And, Renee, there is one change that has come to the neighborhood you were just talking about.

(SOUNDBITE OF GABRIEL FAURE SONG, "THE REQUIEM")

GREENE: That is the Paris Orchestra, one of France's most elite orchestras, paying tribute to the victims of last week's terrorist attacks.

RENEE MONTAGNE, HOST:

The gleaming, new 2,400-seat Philharmonie de Paris opened its doors in the 19th arrondissement yesterday. The neighborhood, as we heard, has made news for its ties to the Charlie Hebdo attackers. But last night it was humming with concert-goers, including French President Francois Hollande.

GREENE: The audience was treated to a performance of "The Requiem" by French composer Gabriel Faure.

(SOUNDBITE OF GABRIEL FAURE SONG, "THE REQUIEM")

GREENE: Doreen Carvajal is culture correspondent for The New York Times. She's based in Paris.

DOREEN CARVAJAL: It's the first time that a grand cultural institution has moved beyond the Seine River to the edges of Paris in the Northeast. And the idea of the architect, Jean Nouvel, is that this grand temple points toward the suburbs that have been scorned by the city of light.

GREENE: Carvajal adds that as the audience for classical music ages, the Paris Orchestra is trying to expand its reach.

MONTAGNE: The hall is promising a wide range of eclectic programming, like world music and hip-hop.

CARVAJAL: So they are trying to appeal to people with different musical tastes and to make them realize that music can be part of life, part of your weekend leisure activities.
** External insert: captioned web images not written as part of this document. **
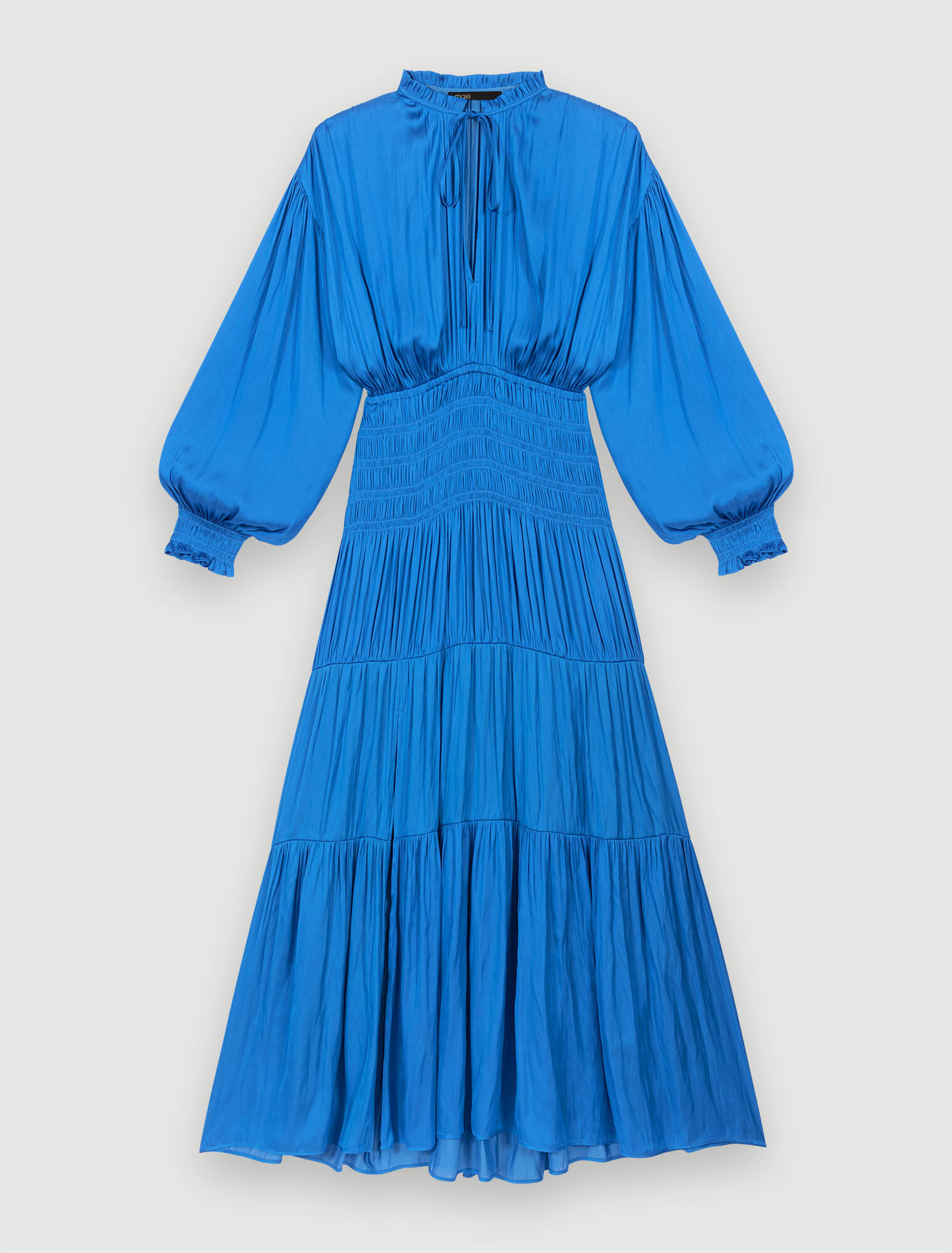 Robe longue satinée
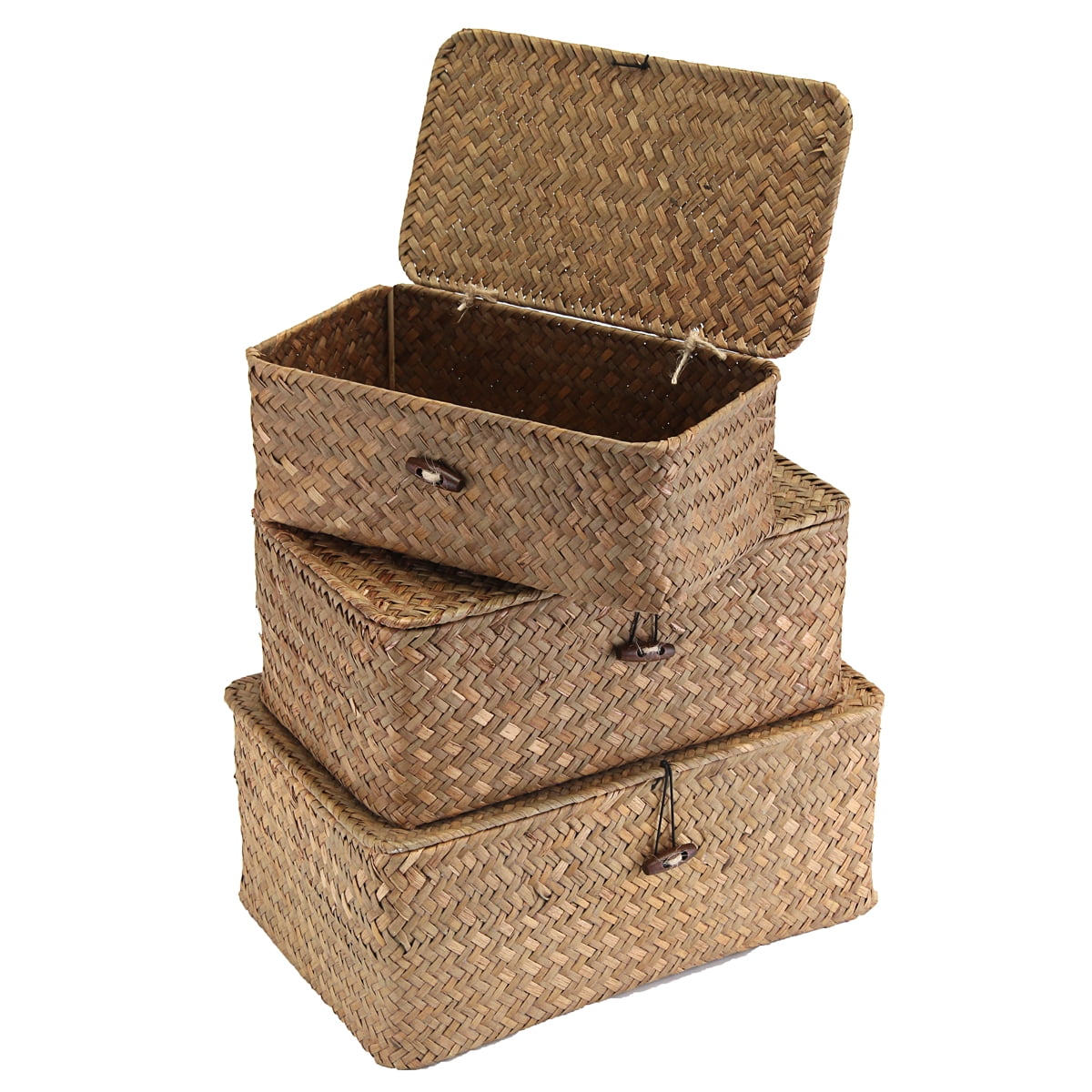Multipurpose Classic Water Hyacinth Woven Tapered Storage Basket Chests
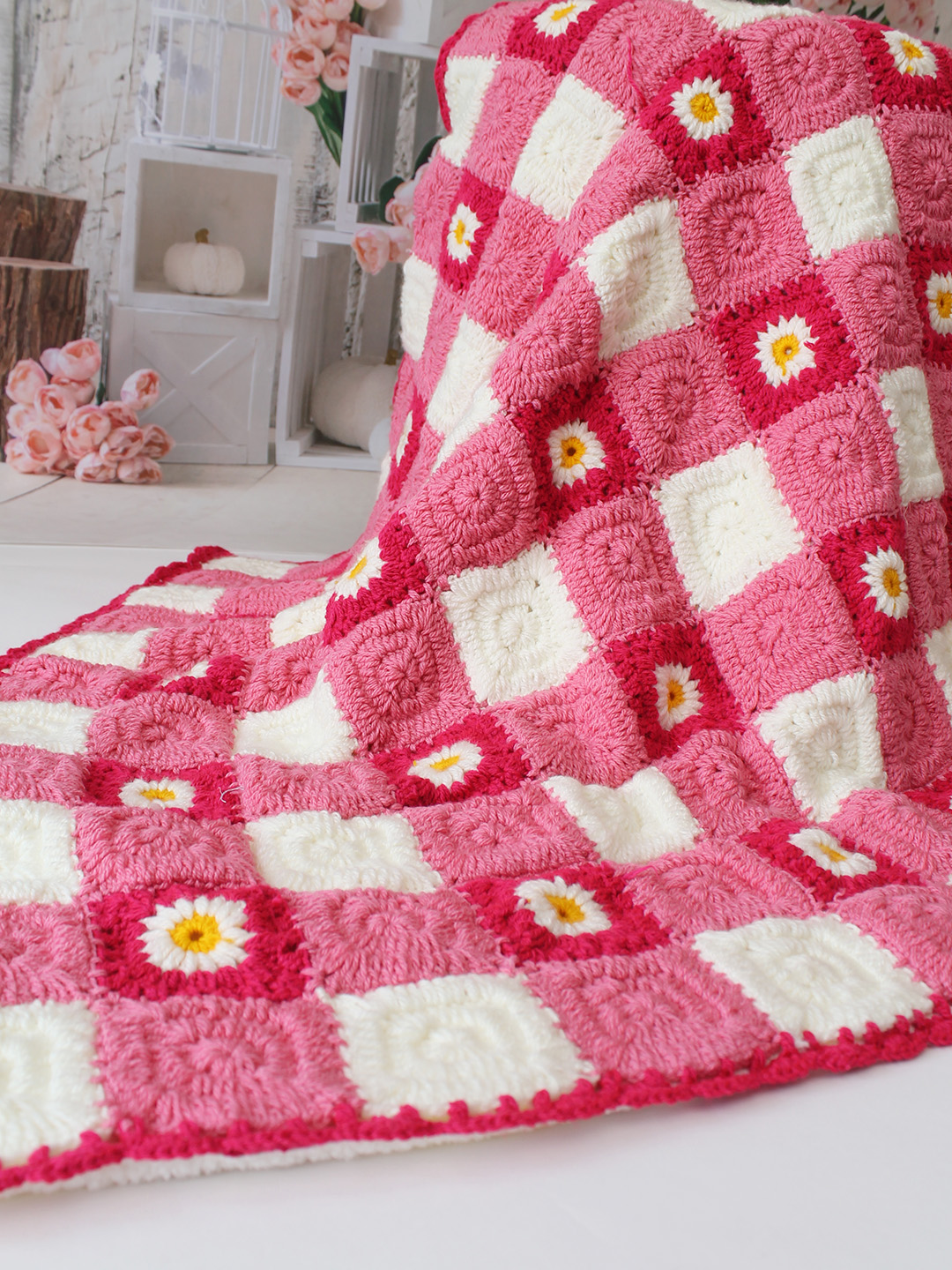 Crochet Handmade Woolen Pink Daisy Blanket 4040 inch with Sherpa Lining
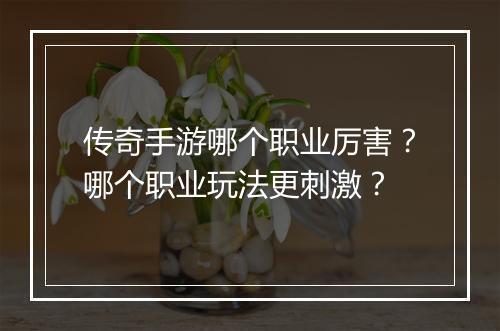 传奇手游哪个职业厉害？哪个职业玩法更刺激？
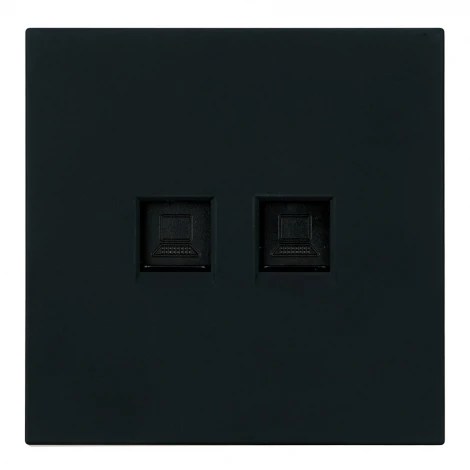 Розетка компьютерная 2-местная RJ-45 (механизм) RST00-3111-05 черный бархат Stekker Мия 50451
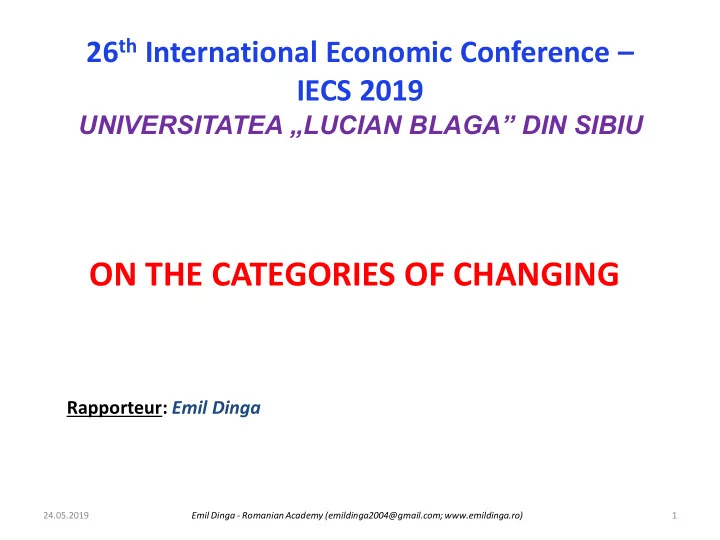 on the categories of changing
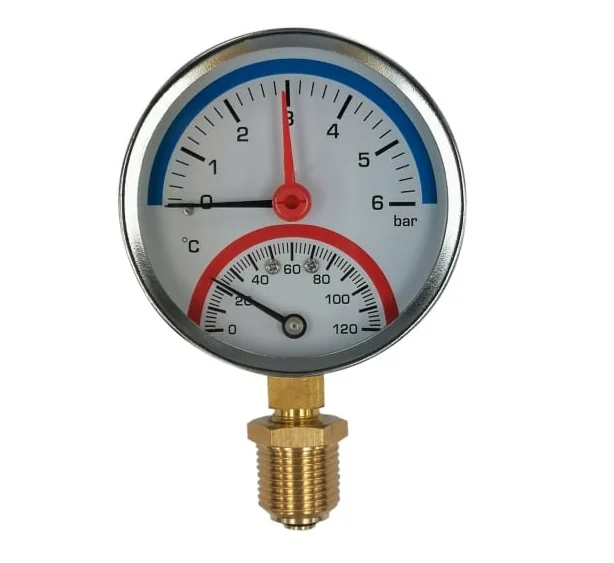 Термоманометр, радиальный, D80, 1/2" Н, 6 bar (0,6 МПа), от 0°C до 120°C
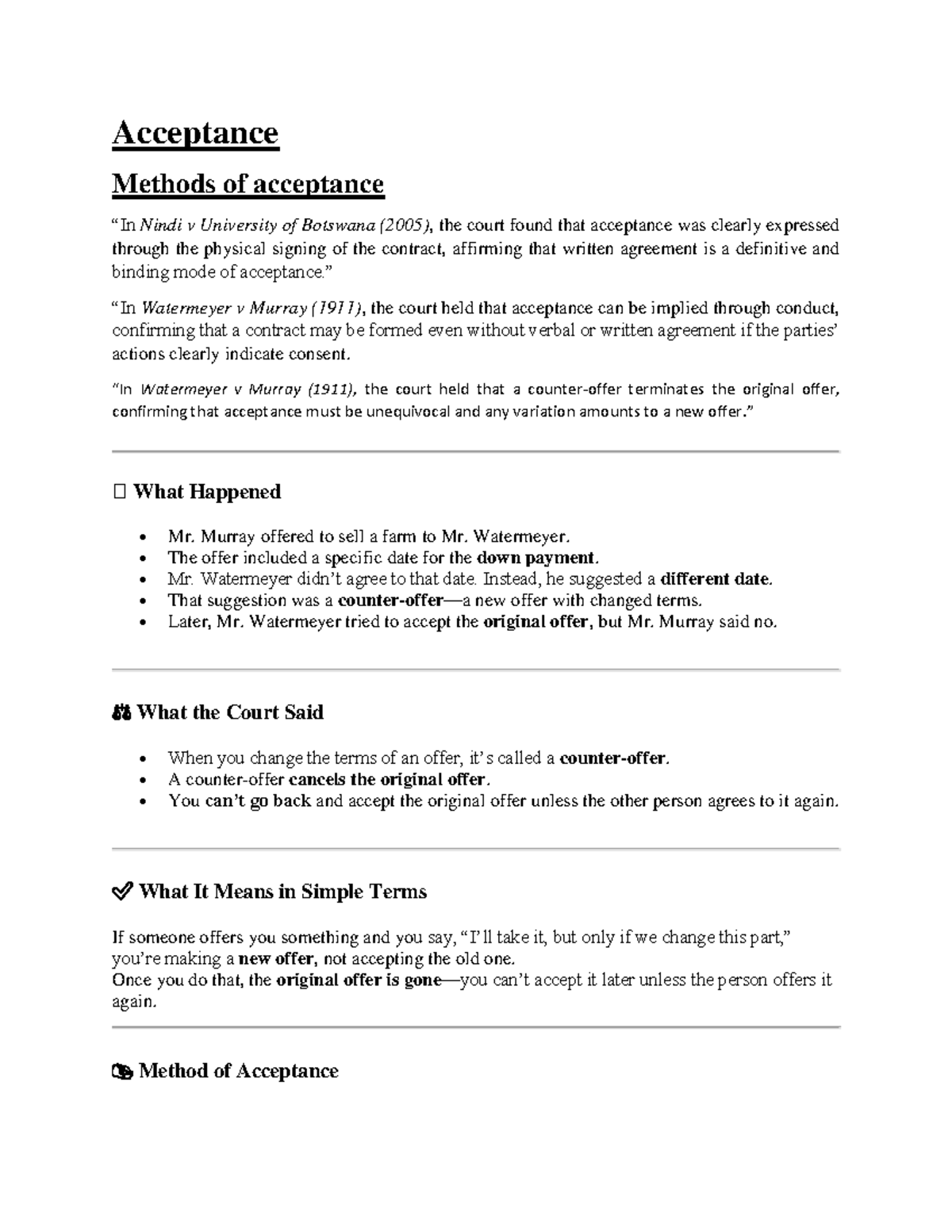 Acceptance Methods in Contract Law: Key Cases & Principles - Studocu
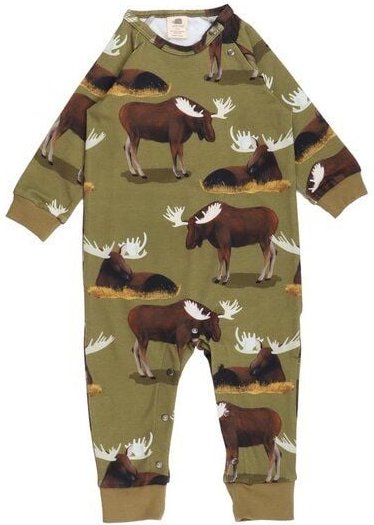 Baby Strampler GOTS-zertifiziert aus Bio-Baumwolle, grün mit Elchmotiv, langarm & langer Beinabschluss – Walkiddy, weich...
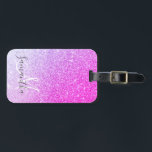 Moderner rosafarbener Glitzer Glitzern Personalisi Gepäckanhänger<br><div class="desc">Moderner rosafarbener Glitzer Glitzern Personalisierter Name</div>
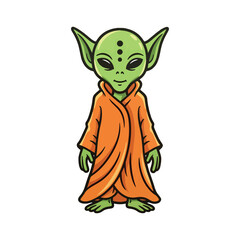 A cute cartoon baby alien character with big eyes and a third eye, wearing a traditional orange monk robe vector illustration.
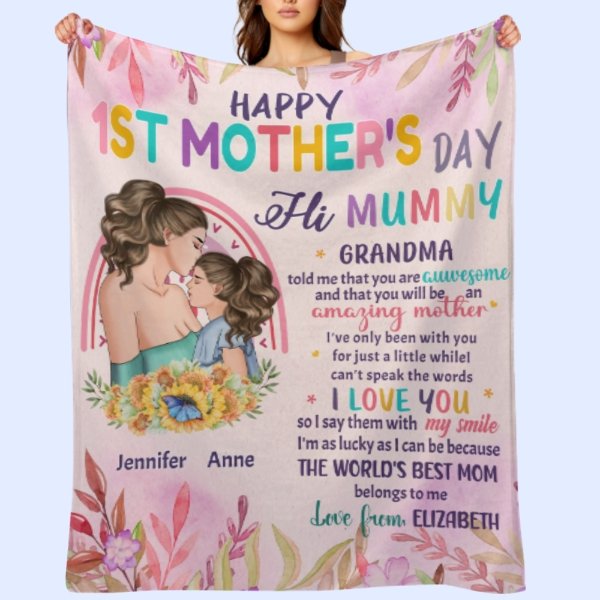 The World's Best Mom Belongs To Me - Family Personalized Blanket - Mother's Day, Birthday Gift For First Mom - OLESA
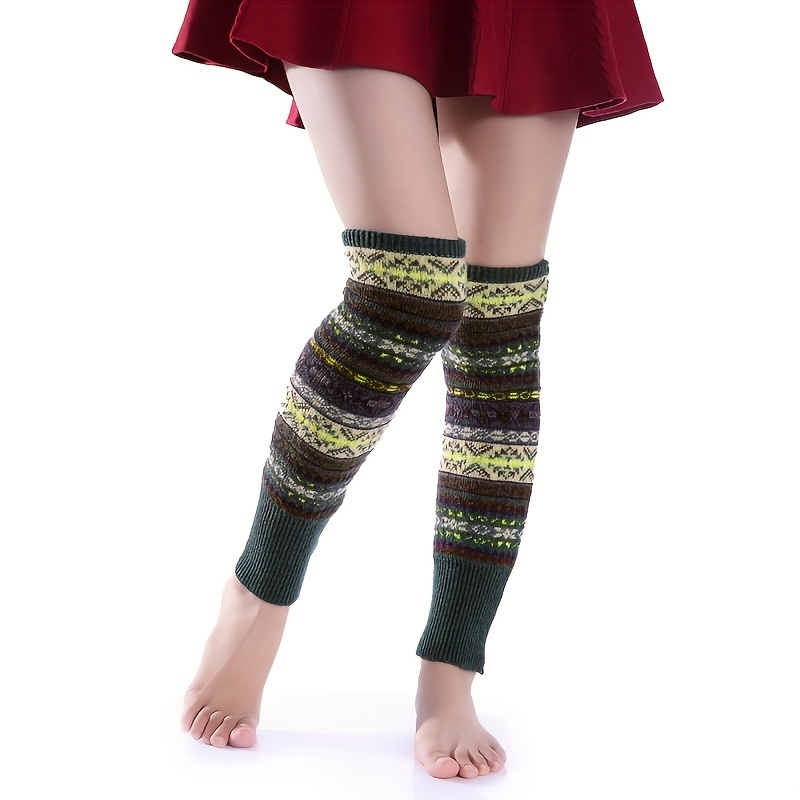 Winter Leg Warmer Ethnic Style Thickened Knitted Leg Sleeves - Temu ...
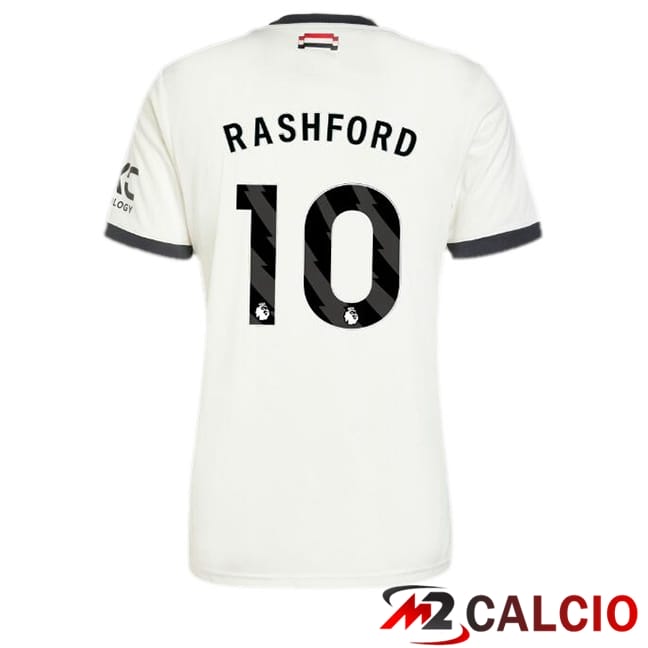 Maglie Calcio Manchester United (Rashford 10) Terza Bianco 2024/2025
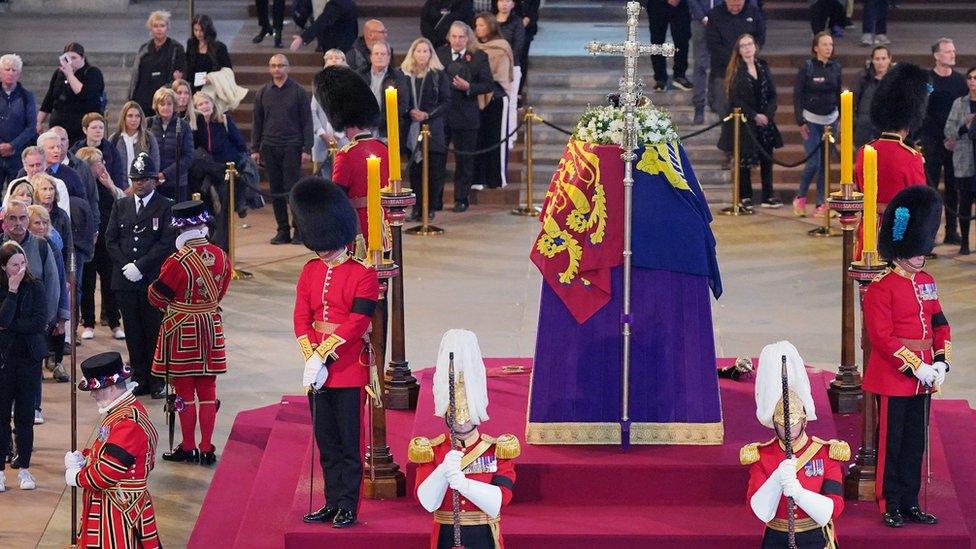 The Queen's coffin lying in state at Westminster Hall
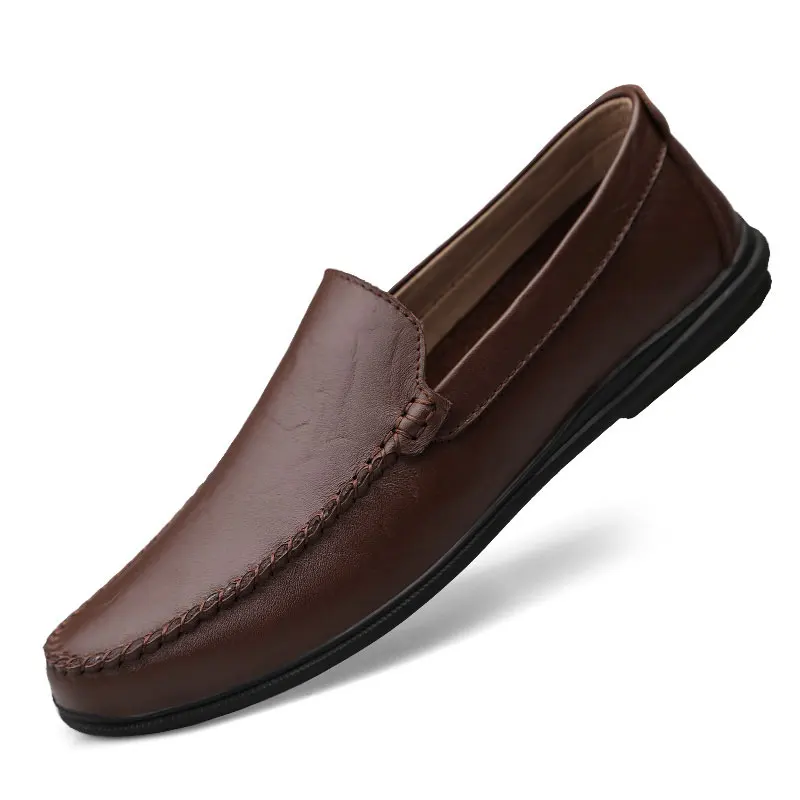 

2019 Casual Shoes For men Slip on Flats Men's Shoes brown color Man Shoes Handmade leather summer big sizes 46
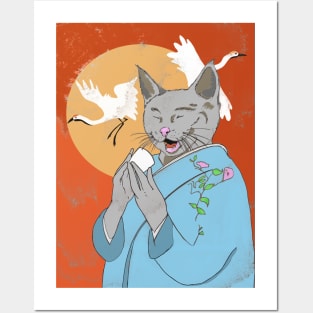 Happy Monk Cat Sake Posters and Art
MONTAGNE: Carvajal says some Parisians are not happy about having to trek to the outskirts of the city to hear the Paris Orchestra, especially since turbulence is nothing new in the neighborhood. It was the center of youth riots 10 years ago.

GREENE: At the same time, she says there are residents of the 19th arrondissement who rarely go to the city center.

CARVAJAL: There are people who have never been to the Louvre before, who have never been to the Eiffel Tower. They regard each other with wariness, and so now they have this grand concert hall that may bring people together.